Speech Detection, Classification, and Processing for Improved Automatic Speech Recognition in Multiparty Meetings
Kofi Agyeman Boakye and Nelson Morgan
The recognition of speech in multiparty meetings presents a number of challenges owing to the complexity of the domain. The present research paradigm essentially involves two major subtasks based on the sensors used to collect the audio data: individual microphones (headset or lapel) worn by the meeting participants and distant microphones (tabletop or array) placed in varying locations within the meeting room. Each of these subtasks, in turn, has its own particular challenges in terms of acoustic phenomena which adversely affect recognition performance.
In the case of the individual microphones, crosstalk speech is often the primary source of errors (manifested as high insertion error rates) and as such the segmentation of local speech is of critical importance. This project seeks to investigate the effectiveness of various acoustically-derived features for use in a Hidden Markov Model (HMM) based local speech segmenter, focusing on cross-channel features (i.e., features derived from multiple individual channel signals) because of the nature of the crosstalk phenomenon.

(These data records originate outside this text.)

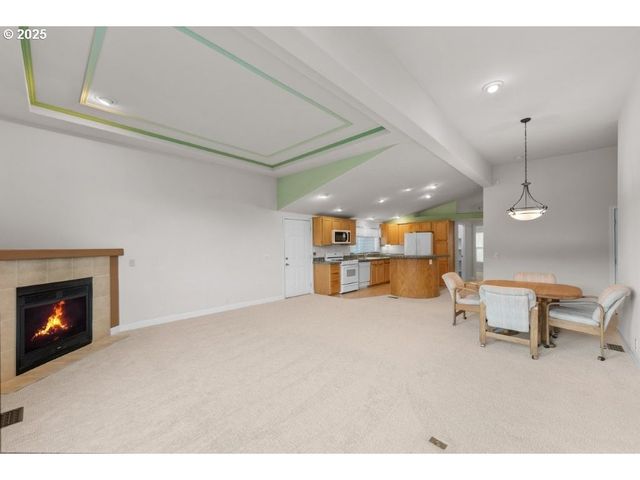 164 Jacob Hale Way, Roseburg, OR 97471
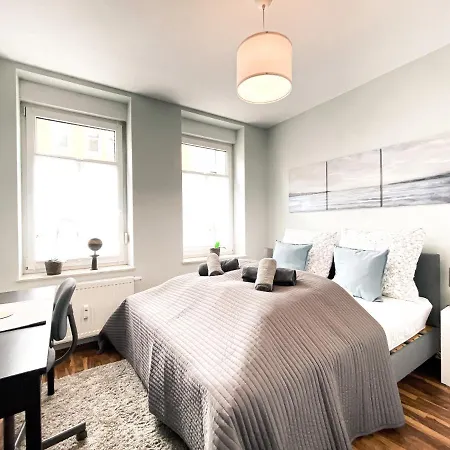 Gemuetliche Fusslaeufig Am Markkleeberger * מרקליברג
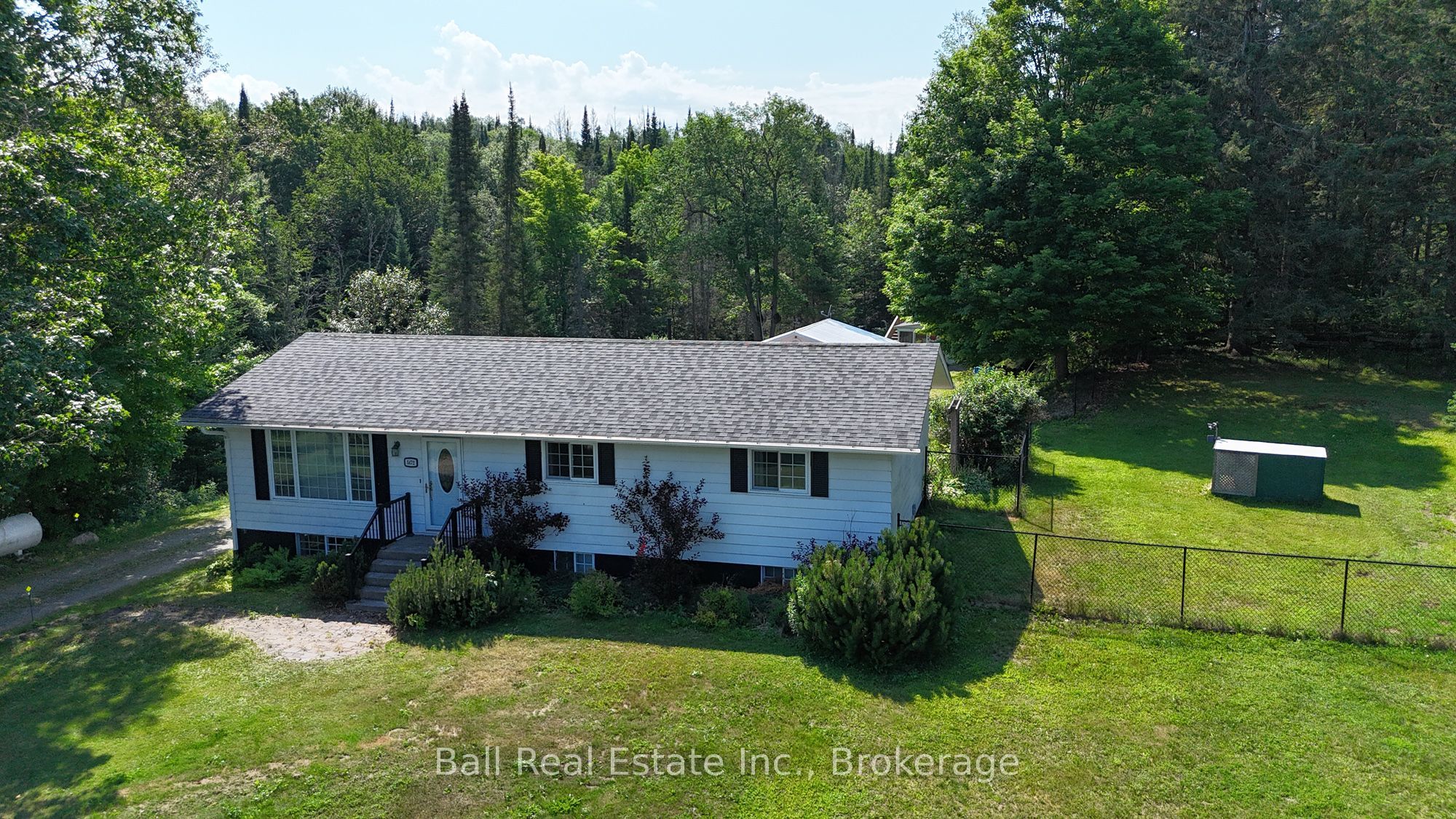 5472 Loop Road, Highlands East, ON K0L 2A0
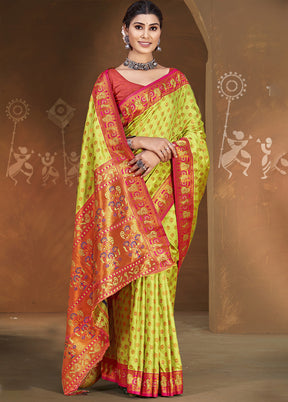 Green Spun Silk Saree With Blouse Piece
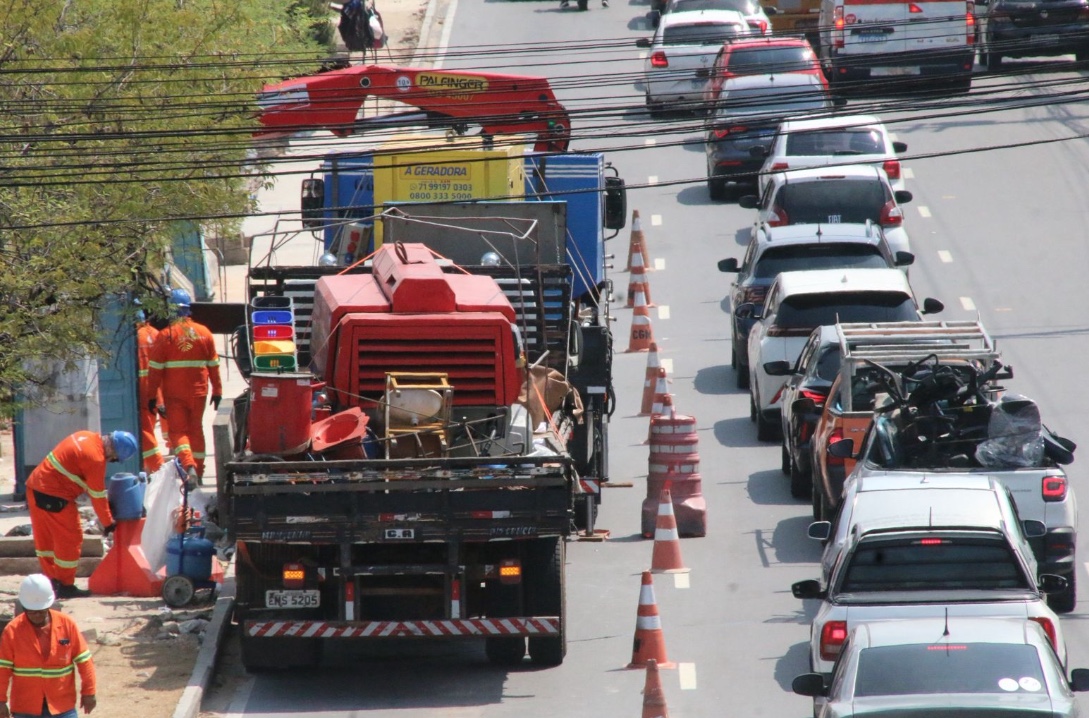 Moradores denunciam riscos e transtornos causados por obras da Cig&aacute;s em Manaus - Foto: Jander Robson/Portal do Holanda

For the distant microphones, it is overlapped speech between participants that generates a significant number of recognition errors. Unlike crosstalk, this speech cannot simply be excluded, but rather requires additional processing to improve recognition performance. The project here, too, seeks to investigate features for segmentation, though for overlaps in this case. In addition, processing techniques to improve recognition accuracy in these overlap regions (e.g., binary masking, harmonic magnitude enhancement) are under study.